Tensile Fracture Behavior of Progressively-Drawn Pearlitic Steels

Abstract

In this paper a study is presented of the tensile fracture behavior of progressively-drawn pearlitic steels obtained from five different cold-drawing chains, including each drawing step from the initial hot-rolled bar (not cold-drawn at all) to the final commercial product (pre-stressing steel wire). To this end, samples of the different wires were tested up to fracture by means of standard tension tests, and later, all of the fracture surfaces were analyzed by scanning electron microscopy (SEM). Micro-fracture maps (MFMs) were assembled to characterize the different fractographic modes and to study their evolution with the level of cumulative plastic strain during cold drawing.

1. Introduction

Pearlitic steels are widely used in a high variety of applications in engineering, e.g., pre-stressing steel wires [1,2], railway rails [3,4,5], rock bolts [6], steel cord wires (tire reinforcement) [7], music wires [8], etc. The wide use of these types of steels is due to their excellent mechanical properties induced in the raw material during the mechanical conforming process, e.g., hot rolling for complex shapes or wire drawing in the case of cylindrical bars. As a result of the plastic strains undergone by the material during the latter process, the yield stress is high enough [9] for considering it as a high strength steel. The today importance of these steels in industry can be quantified in terms of the world production of drawn wires of pearlitic steels which can be estimated in 25 million tons per year [10]. In addition, the interest of the scientific community on these research areas is also very high, as indicated by the number of research papers published up to date in multiple journals indexed in the SCOPUS database (Figure 1).

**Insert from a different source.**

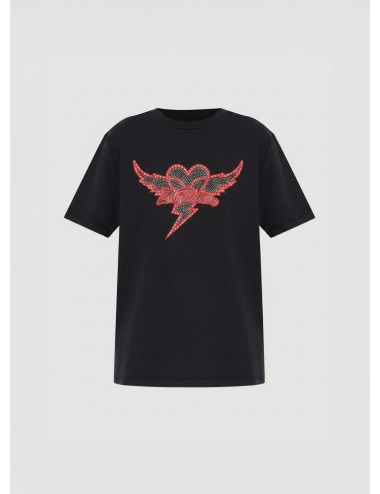 Camiseta Zadig & Voltaire Edwin negra para mujer en algodón con strass “heart wings” delantero.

Consequently, from a pure scientific point of view, increasing the knowledge about pearlitic steel wires is a quite interesting issue. In a common commercial wire drawing chain, wires undergo a progressive reduction of their cross-sectional area during several steps (usually 6–8 passes) [11]. As a consequence of material hardening due to huge plastic strains in the wire, key microstructural changes are caused in the steels as was reported in many studies [12,13,14,15,16,17,18,19]. The analyses of such changes revealed a progressive increment of the microstructural anisotropy as the drawing degree is increased. These microstructural changes also affect the macroscopic mechanical behavior of the material [20,21,22], as in their fatigue and fracture behavior [23,24,25,26,27].

This paper goes further in the research, so that a study is presented of the tensile fracture behavior of progressively-drawn pearlitic steels obtained from five different real cold drawing chains, including each drawing step from the initial hot-rolled bar (not cold-drawn at all) to the final commercial product (pre-stressing steel wire).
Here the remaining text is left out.